Design and construction
- Architects: Pierluigi Spadolini, Guido Lorenzo Spadolini

= Reggio Emilia Courthouse =

Judiciary building in Reggio Emilia, Italy

The Reggio Emilia Courthouse (Palazzo di Giustizia di Reggio Emilia) is a judicial complex located on Via Avvenire Paterlini in Reggio Emilia, Italy.

==Description==
The courthouse is located on Via Avvenire Paterlini, next to the Milan–Bologna railway. This site represents the connecting loop between the historic city center and the integrated system of tertiary structures situated in the northern districts. The project was entrusted to architect Pierluigi Spadolini, assisted by his son Guido. The work began in 1984 and was completed in 1992, the year the building was inaugurated.

The building features structures with a reinforced concrete frame, a flat roof, and is characterized by exposed reinforced concrete on the lower part of the facades, with metallic paneling on the upper section.

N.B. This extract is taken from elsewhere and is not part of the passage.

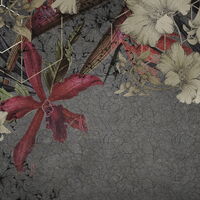 MUANCE VIOLET 1254220DP - indiv. Digitaldruck - Promises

The windows are made of aluminum.

According to Zanichelli (1991), the building is "an example of advanced industrial technology", since "it features the facades of the main body entirely clad in copper sheet metal, while the masonry of the concrete prefabricated panels of the secondary structure reflects technological solutions typical of the architect's linguistic vocabulary".

==Sources==
- "Quale e Quanta. Architettura in Emilia Romagna nel secondo Novecento" (2005)
- Zanichelli, Sergio (1991). "Itinerari reggiani di architettura moderna. A guide to modern architecture in Reggio Emilia and province"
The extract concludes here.